プルキニエ現象

人間の視覚のクセをプルキニエ現象と呼ぶことを初めて知った。 明るいところでは赤をはっきり認識できるのに暗いところでは認識しづらく、逆に明るいところで暗く見える青が暗いところでは遠くからでも認識しやすい。 これらは網膜の視細胞の働きによるものらしいのだが、そういう理由で交通標識に青が多く使われているのかと納得してしまった。

色は人間の心理にも大きな影響を与えるようで、太陽が赤く見える夕焼けに心がときめいたり、ざわめいたりするのも同現象が原因なのだという。 光の量や色が刻々と変化する夕暮れには心が不安定になりやすいもので、事故や犯罪もおきやすく、さらには衝動買いをしやすくなったりもする。 店がタイムセールをするのも在庫処理だけが理由ではなく心理を利用しているというから大したものだ。

赤は人間の生理作用に強く働きかける色で、興奮作用を起こす神経が刺激されて血圧や体温を上げ、気分を高揚させる働きがあるということだ。 実際に、赤いサイフと他のサイフを持ち比べると赤のほうが支出が多くなったという実験結果も出ているという。 そうなると夕焼けが綺麗な時間に赤い財布を持って出かけると、とんでもない事態を引き起こす可能性がある訳だ。

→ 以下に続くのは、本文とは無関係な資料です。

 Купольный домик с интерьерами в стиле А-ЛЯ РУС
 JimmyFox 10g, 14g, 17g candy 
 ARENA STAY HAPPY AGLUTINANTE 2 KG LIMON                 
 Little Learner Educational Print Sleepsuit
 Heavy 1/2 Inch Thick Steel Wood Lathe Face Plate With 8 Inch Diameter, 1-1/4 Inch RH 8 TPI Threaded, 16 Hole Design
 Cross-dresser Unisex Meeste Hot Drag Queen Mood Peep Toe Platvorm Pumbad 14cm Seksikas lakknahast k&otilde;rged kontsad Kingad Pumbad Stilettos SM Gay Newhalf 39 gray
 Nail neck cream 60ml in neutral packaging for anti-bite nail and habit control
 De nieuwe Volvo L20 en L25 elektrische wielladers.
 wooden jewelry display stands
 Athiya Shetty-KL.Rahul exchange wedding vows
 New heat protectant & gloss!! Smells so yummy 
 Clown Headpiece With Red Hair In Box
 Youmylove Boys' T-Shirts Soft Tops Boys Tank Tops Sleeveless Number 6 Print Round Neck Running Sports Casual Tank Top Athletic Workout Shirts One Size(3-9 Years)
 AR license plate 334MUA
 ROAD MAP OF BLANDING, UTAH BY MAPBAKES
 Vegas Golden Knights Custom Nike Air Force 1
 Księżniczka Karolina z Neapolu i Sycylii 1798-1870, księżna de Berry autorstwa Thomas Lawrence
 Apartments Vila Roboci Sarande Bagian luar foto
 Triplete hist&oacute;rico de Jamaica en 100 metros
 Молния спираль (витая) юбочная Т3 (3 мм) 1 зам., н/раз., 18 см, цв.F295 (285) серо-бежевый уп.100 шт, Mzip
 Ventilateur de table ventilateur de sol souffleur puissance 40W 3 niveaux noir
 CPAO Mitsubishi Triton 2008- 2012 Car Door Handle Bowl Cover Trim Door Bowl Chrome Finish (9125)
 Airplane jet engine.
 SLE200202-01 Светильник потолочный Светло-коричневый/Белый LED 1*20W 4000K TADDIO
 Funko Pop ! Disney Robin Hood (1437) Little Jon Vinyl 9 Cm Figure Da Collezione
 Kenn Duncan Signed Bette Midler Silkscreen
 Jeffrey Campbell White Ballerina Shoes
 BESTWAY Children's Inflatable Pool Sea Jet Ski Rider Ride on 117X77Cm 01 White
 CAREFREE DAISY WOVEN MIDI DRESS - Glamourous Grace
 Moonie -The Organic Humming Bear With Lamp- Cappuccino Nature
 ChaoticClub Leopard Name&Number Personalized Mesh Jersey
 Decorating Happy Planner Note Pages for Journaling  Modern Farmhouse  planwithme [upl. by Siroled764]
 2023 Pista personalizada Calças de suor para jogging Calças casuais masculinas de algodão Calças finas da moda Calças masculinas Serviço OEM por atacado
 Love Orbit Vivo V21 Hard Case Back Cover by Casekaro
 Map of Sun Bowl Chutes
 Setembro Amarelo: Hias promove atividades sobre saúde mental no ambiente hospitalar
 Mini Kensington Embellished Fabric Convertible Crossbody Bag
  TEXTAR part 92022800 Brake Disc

必要もないものを大量に購入してしまう危険性が高いと思われるので、決して 100円均一の店などに行ってはいけない。 ましてや赤を基調とした色で内装されている店などには足を踏み入れてはいけないのである。 それを逆手に取るならば、店を赤い内装にして夕方にタイムサービスを実施すれば売上げが伸びるかもしれない。

しかし、赤には憎しみ、怒り、恨みなどのネガティブなイメージもあり、他者にとって攻撃的になる色という一面を持っているので何でも赤くすれば良いと言うものでもない。 かなり以前に住んでいたアパートの近くに壁から椅子まで赤いファミレスがあったが、味も悪くなく値段も手ごろだったのに一年も経たず閉店に追い込まれたのは赤が持つ負の力が作用してしまったからか。

逆に青色には人の副交感神経に作用して落ち着かせる鎮静効果と心理的に人を冷静にさせる傾向があり、スコットランドでは景観改善のためにオレンジ色の街路灯を青色に変えたところ、犯罪が減少する副次効果が現れたという報告がある。 青色を見ると血圧が下がったり脈拍数が減少するというような事が起こるらしいので、本当に人を落ち着かせる効果があるのかもしれない。

だとすれば店内を青基調の内装にすれば売り上げが減るのかという疑問が浮かぶが、そんな店を見たことがないので何とも言えない。 いや、青基調の店がない、または極端に少ないこと自体、青が商売に向かないことの証明であるかもしれない。 青は食欲を落とす色とも言われ、青い照明を使ったダイエット法まであるので飲食店などは特に注意が必要だ。

色が人間の心理に大きな影響を与えるのは分かった。 だとしたら、どうなんだ日本サッカー。 青基調のユニフォームを着る日本代表が、赤基調の韓国代表に毎回のように苦戦を強いられるのはサムライブルーが原因なのではないか。 スポーツをするのに、ましてや死闘を繰り広げているのに鎮静効果で落ち着いちゃってどうする。

冷静さは必要だが、なかなか士気が上がらなかったり攻撃的な面が抑制されたりする悪い作用が働いてしまわないかと、少し心配になってきたりもする。